人为什么喜欢做梦?
因为梦是美好的,虚幻的,而现实,太苦,太累,熬不下去了。
可当美好的梦,成为了噩梦?那人生就太糟糕了。
视频就此结束。
“细菌型崩坏兽,完全是超越了想象力的存在。”
律者或许掌握了极为强悍的权柄,但是论及危害性,细菌型崩坏兽更加恐怖。
虽说体型越大,越难应付,然而有时候,体型越小,应对的手段,比前者更加艰难。
“如果被感染者数量不多的话,一把火将他们解决掉才是最好的解决办法。”
渡鸦表情凝重至极,为了拯救世界,这是必要的牺牲,她下手不会犹豫。
然而吸血鬼的感染是以指数性逐步递增,一旦传播开来的话,那对人类来说,不亚于一场灭世之灾。
“毫不夸张地,如果给月下起步的发育时间,她或许可以毁灭整个世界。
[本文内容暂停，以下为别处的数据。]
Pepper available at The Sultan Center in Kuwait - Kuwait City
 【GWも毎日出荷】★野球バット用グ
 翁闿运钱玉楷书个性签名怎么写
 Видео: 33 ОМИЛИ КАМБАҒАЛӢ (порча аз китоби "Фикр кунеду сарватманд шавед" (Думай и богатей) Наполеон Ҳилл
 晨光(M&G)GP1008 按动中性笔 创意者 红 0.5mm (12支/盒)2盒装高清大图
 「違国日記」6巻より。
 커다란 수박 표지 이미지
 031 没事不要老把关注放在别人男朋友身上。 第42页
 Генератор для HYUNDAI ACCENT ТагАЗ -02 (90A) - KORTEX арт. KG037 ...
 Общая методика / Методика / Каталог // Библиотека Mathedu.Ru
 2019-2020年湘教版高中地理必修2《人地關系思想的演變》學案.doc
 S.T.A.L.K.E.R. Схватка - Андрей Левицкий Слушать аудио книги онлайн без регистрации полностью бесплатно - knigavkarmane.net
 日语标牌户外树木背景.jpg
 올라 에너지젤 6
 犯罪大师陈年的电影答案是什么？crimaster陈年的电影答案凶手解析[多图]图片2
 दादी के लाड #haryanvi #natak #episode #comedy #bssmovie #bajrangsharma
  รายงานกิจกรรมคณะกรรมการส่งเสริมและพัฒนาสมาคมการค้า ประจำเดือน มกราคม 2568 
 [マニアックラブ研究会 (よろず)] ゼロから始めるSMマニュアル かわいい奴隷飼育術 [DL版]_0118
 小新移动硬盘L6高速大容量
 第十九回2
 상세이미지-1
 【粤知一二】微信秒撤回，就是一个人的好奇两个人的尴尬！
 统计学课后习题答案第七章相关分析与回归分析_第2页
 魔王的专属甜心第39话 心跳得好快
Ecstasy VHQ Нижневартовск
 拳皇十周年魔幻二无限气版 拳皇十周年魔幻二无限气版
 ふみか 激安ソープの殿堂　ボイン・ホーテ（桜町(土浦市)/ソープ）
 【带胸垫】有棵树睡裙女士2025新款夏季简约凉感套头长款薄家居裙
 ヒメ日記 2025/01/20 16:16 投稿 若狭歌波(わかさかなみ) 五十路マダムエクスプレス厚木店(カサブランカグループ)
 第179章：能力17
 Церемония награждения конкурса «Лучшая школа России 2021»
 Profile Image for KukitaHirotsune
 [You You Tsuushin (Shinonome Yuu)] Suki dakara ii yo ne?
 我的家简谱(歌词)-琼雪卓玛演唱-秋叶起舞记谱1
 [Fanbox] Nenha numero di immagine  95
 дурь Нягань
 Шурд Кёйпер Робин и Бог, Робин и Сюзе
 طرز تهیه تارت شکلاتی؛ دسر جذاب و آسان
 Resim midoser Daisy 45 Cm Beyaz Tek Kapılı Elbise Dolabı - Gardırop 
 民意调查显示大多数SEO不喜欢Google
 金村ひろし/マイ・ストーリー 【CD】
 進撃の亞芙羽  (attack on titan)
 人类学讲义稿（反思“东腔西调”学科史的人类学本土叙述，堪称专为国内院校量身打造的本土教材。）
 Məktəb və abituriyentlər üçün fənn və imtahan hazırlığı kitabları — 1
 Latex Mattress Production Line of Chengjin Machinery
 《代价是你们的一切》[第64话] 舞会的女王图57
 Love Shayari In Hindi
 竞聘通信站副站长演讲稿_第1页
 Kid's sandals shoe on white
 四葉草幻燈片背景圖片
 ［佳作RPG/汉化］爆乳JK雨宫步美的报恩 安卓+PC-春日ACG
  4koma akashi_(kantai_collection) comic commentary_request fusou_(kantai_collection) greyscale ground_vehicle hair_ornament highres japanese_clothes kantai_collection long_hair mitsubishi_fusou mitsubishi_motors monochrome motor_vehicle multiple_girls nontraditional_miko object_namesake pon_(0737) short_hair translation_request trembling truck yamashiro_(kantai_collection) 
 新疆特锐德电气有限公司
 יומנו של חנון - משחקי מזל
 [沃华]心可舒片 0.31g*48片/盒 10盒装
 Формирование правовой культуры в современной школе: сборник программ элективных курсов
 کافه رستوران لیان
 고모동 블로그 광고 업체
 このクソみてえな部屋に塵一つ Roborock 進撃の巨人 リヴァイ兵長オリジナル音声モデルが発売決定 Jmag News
”爱因斯坦断言道。
丽塔语气莫名:“是啊,同等的天灾我们也看到过了。”
“德莉傻病毒。”琪亚娜一字一句开口,忍不住打了个寒颤。
受到感染的人越多,月下获得的回馈越多,她就变得越强,最终成为君临血月的女皇。
况且吸血鬼病毒好似德莉傻病毒,这可比矿石病还是生化危机都要糟糕的多了。
毕竟月下不死,那些感染者也不会死。
想象一下,一群不死不灭的怪物,只要被她们咬到就会被感染
“也许,卡莲的选择才是对的,在天灾还未开展之前,先一步解决她的话......”
瓦尔特·杨也被炸了出来,之后的话他并没有开口。
不是卡莲的错,那么是谁的错误?
月下?舰长?亦或者是这个崩坏的世界?
“明明不该是这样的结局才对。”雷电芽衣捂住脸。
“从丽塔和舰长的对话来看,舰长这一次,就是最后的轮回了,可是记忆并不连贯的轮回,又有什么样的作用呢?哪怕再多给他一次尝试的机会,结局可能会更好。”爱因斯坦摇头叹息。她为舰长感到难过,机会如同雨点般洒向他,可却因为记忆的问题,只能一遍遍重复着充满既视感的错觉?
一次次体会到所爱所念的友人死去,明明曾经拥有挽回一切的机会,最终却要把所有的一切赌在最后一次,如果失败了,那么从初始到终末所经历所感受的一切,还有什么意义?
“或许是舰长从头到尾都没有在意,他进入轮回时的任务吧。”
因为卡莲存在的缘故,奥托多上了点心。
“在这不知多少次的轮回,每当舰长回归之后,我相信,无论是主动还是被动,丽塔都会提示舰长,他真正的任务是找出卡莲不会死亡的世界线,可结果呢?他什么都没做到。”
奥托语气似嘲讽又死哀叹。
“有一件事情我一直想不明白,姬子被咬伤的这一次观测,舰长并没有死,那为什么他会在那个时候醒来?”奥托顿了顿,让众人可以消化这个情报,才道出了自己的猜测。
“因为观测节点的重置并不取决于舰长的死亡,在了解了姬子,让她保持着人类身份死去后,卡莲所会做的事情,只剩下独身去压制月下,结果理所当然的是失败,所以......”
气氛伴随着奥托的话语,陷入了一片死寂,沉默是此时的康桥,不带走丝毫的声浪
该说不愧是奥托么,一下子命中了在场众人内心的要害,一击毙命。
或许就连系统也觉得现在的气氛太过古怪,黑暗的屏幕重新泛起道道的光芒涟漪,一排排字体符文涌现在众人的眼前。
那是新的问题,也是系列问题的最后一道题目,同时也是舰长、月下、姬子、卡莲的真正终局,是生,是死,是活,是苟——
“开开开开枪,是我理解的那个开枪么?”温蒂双手捂住小嘴惊呼道。
本以为结局要么是治愈,要么是致郁了。
可没想到,系统搞出了一个更大的乐子。
让舰长选择对谁开枪?
这个问题好比无解的电车。
电车正在轨道上飞速行驶,不幸的是,这条轨道上绑着五个无辜的人,而另一条轨道上绑着一个恶人。
而在你的身旁恰好有一个拉杆,此刻你选择眼睁睁看着无辜者去死,还是亲手对那个恶人下杀手?
而舰长遇上的抉择更加凄惨,无论是答案选项中的月下初拥·德丽莎,亦或者是关乎着观测轮回重要性十足的卡莲,都是对他的心灵一次前所未有的摧残。
要知道,在观星千万次轮回中,除了面对灰蛇这位幕后黑手外,舰长可从来没有主动想要杀死一个人。